DATA BELOW section start

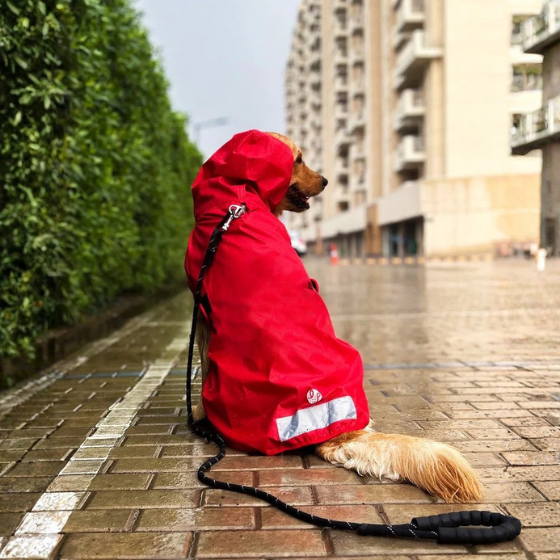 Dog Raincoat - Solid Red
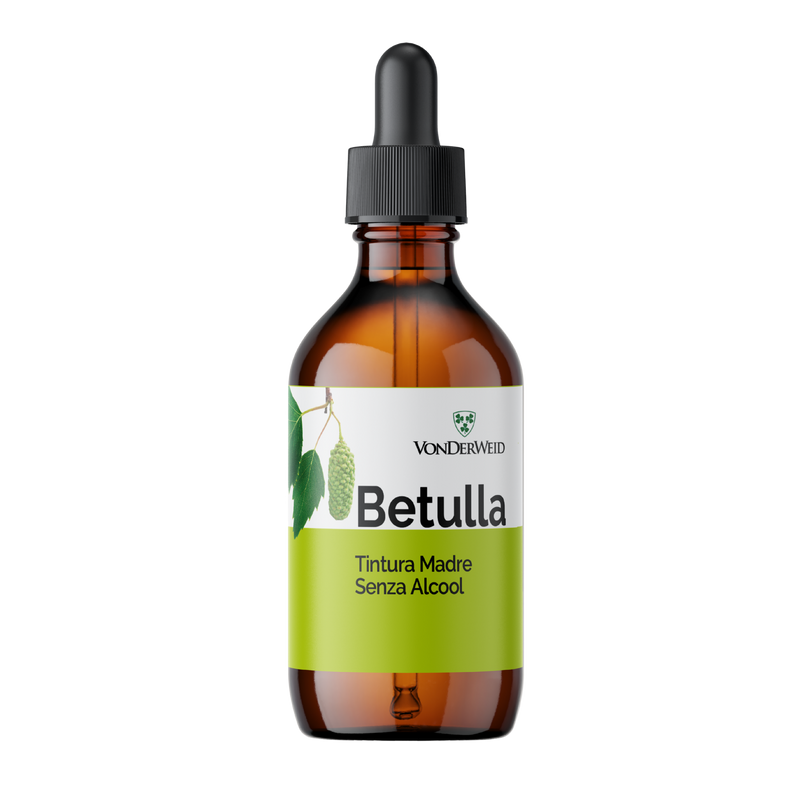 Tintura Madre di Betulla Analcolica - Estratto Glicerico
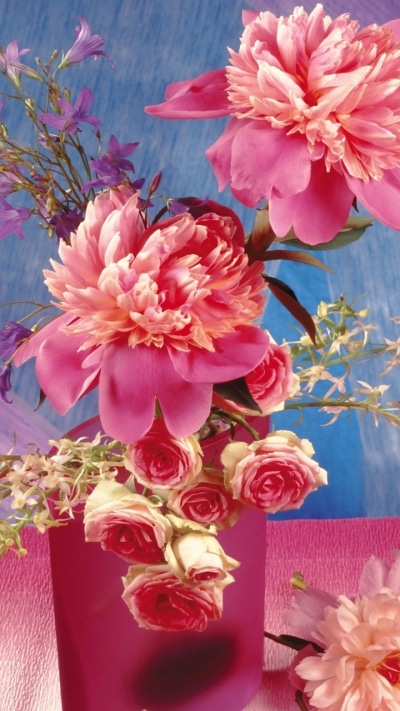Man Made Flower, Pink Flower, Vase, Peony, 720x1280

DATA BELOW section end

TASK OBJECTIVE: Copy the listing above verbatim, leaving out pictures.

SOLVED PROBLEM:
 Dog Raincoat - Solid Red
 Tintura Madre di Betulla Analcolica - Estratto Glicerico
Man Made Flower, Pink Flower, Vase, Peony, 720x1280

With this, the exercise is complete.